Monday, September 19, 2005

Fishing on Long Island Sound: $40 a Person to Catch Next to Nothing

As an economic asset, Long Island Sound is worth about $5 billion a year to the economies of Connecticut and coastal New York. But what does that mean in real-life terms?

My friend and former colleague Ken Valenti went out to do a story about recreational fishing on Long Island Sound, and found a business – a party boat in Port Chester called the Snow Goose 2, owned and operated by Kevin Reynolds, of Fairfield, Connecticut – that without a doubt will be suffering if the Sound cleanup does not succeed. Ken wrote:

The 50-footer, built in 1987, holds 40 people. On the recent trip, he took 22 fishermen on the six-hour trip. The cost of $40 per adult, $30 per child 12 and under covers the six-hour trip, with bait and tackle. An angler can rent a rod for $5.

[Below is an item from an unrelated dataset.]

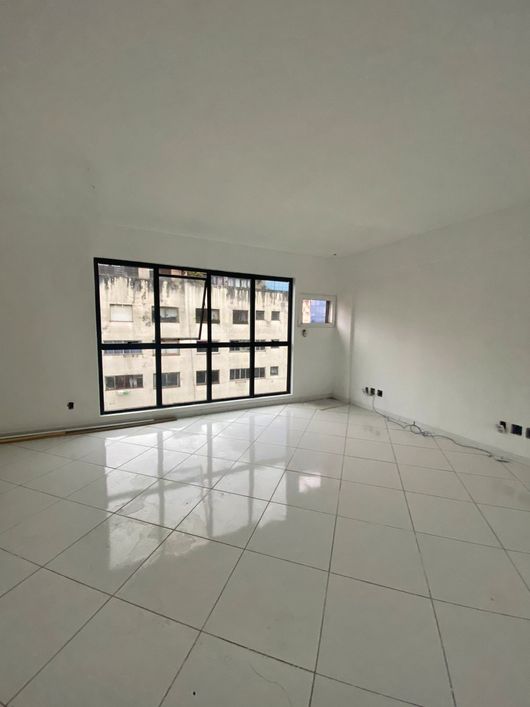 BENTOALVES aluga sala aérea próxima Hospital Pompéia, no Centro - Caxias do Sul - RS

The fishermen on the Snow Goose 2 were looking for fluke that day, but didn’t do too well. In six hours, they caught a combined total of 15 fish. Ken’s story though did not say when the fishing trip occurred (I was pretty sure I knew why: the Journal News often holds stories for weeks, waiting for room in the paper, and when they finally do publish them, they’re sheepish about saying the events you’re reading about took place more than a month ago.)

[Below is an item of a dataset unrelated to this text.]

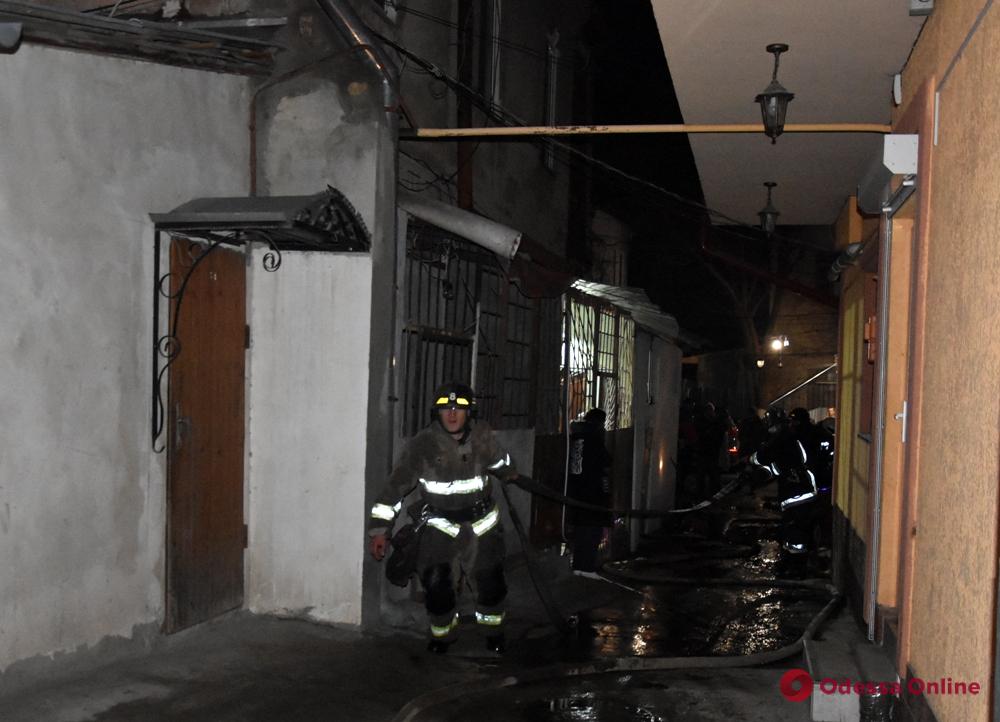В центре Одессы тушили пожар в жилом доме (видео)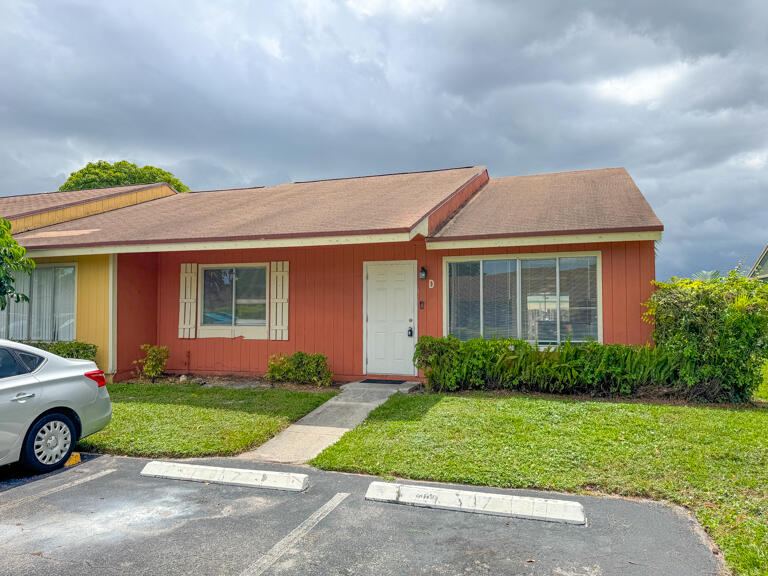 4852 Orleans Court D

So I sent Ken an e-mail and asked him when exactly it was that he went out on the Snow Goose 2. August 17, he said.

I did not have to look at the DEP hypoxia maps to know what was going on then off western Fairfield County, where the Snow Goose 2 was fishing that day, but I did so anyway: dissolved oxygen levels were less than 2 milligrams per liter.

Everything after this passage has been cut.